We will increase the minimum wage by $2 an hour in our first year, to $15 an hour in our first 100 days in government and to $16.25 an hour in early 2015. If economic conditions allow, we will set a target of returning the minimum wage to two-thirds of the average wage by the end of our second term.
Labour will also ensure government bodies contract only with businesses that are good employers. We will also hold a commission of inquiry into wages and collective bargaining, review health and safety laws, and abolish secondary tax.
Will your party tackle the issue of wages and working hours in areas of the primary industry sector? Some employees work a 10-12 hour day, have little time off and when their contracted salaries stack up against the hours worked, they work for under the minimum wage. Would your party move to regulate and police these industries in terms of pay, working hours and holidays? Louise Upston (National) Question 1 National is focused on preventing crime and reducing its impact by improving the responsiveness of the justice system for victims. We brought in tougher sentencing and are providing more services, support and protection to victims.
We have the lowest crime rate in 35 years, but sadly, violent crime is not reducing as quickly. About half of all homicides in New Zealand result from family violence. This is unacceptable so we are introducing a crossgovernment package to address family violence. We’ll trial GPS technology to keep victims safer, test an intensive case management service for victims at high risk of serious harm or death, and explore the possibility of a conviction disclosure scheme.

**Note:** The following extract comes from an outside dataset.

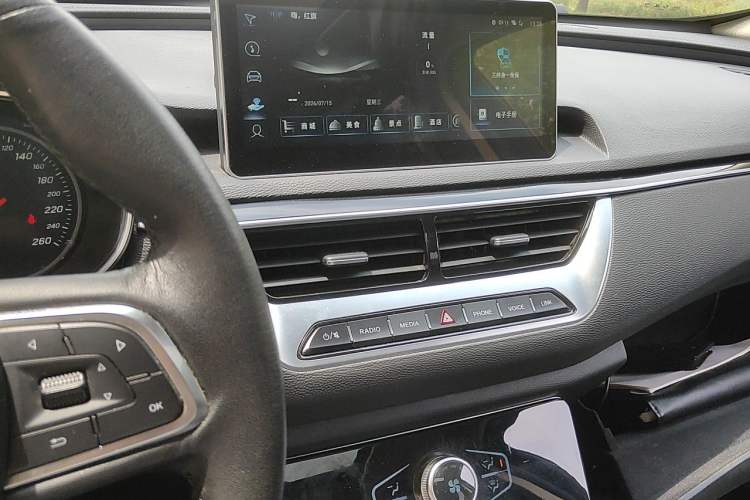 Used Hongqi H5 2022 Classic Model Facelift 1.8T Automatic Smart Connect Flagship Edition Audio And AC Panel
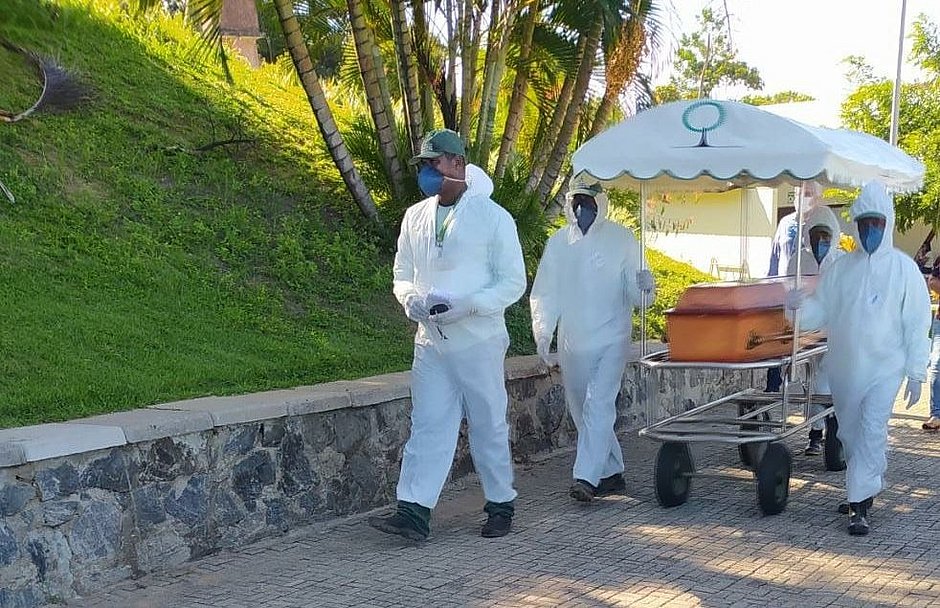 Enterros e velórios de vítimas da Covid-19 em Manaus devem ter apenas três pessoas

We’re also working to develop a comprehensive, long-term approach to break the cycle of family violence through focusing on changing attitudes and behaviour and using early interventions for drug and alcohol addiction. Question 2 National is supporting people into work with a balanced minimum wage that increases yearon-year, the introduction of the 90-day trial scheme, and the starting-out wage to support young people into work.

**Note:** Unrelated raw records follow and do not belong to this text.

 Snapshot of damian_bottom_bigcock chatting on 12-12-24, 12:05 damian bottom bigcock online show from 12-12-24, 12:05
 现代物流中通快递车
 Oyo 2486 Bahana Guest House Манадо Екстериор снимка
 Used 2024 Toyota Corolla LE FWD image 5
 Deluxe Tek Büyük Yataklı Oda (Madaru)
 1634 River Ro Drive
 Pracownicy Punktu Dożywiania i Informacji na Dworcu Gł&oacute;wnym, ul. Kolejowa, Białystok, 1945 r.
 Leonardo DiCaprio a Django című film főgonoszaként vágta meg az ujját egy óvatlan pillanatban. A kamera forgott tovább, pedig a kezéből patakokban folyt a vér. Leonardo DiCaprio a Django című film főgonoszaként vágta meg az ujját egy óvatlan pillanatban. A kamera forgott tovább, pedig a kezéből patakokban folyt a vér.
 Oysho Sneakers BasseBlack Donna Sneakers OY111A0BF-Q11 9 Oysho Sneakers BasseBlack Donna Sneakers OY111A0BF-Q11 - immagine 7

National believes employees and employers should be able to agree on flexible work practices to suit both parties. Our proposed changes to the Employment Relations Act are aimed at improving fairness, flexibility and choice in the labour market.
National has raised the minimum wage every year we’ve been in office. It is 50 per cent of the average hourly rate, the highest ratio in the OECD. We believe setting the minimum wage represents a careful balance between protecting low-paid workers and ensuring jobs are not lost. If companies can pay more, we encourage them to do so. But to drastically increase the minimum wage would see jobs lost and companies go under.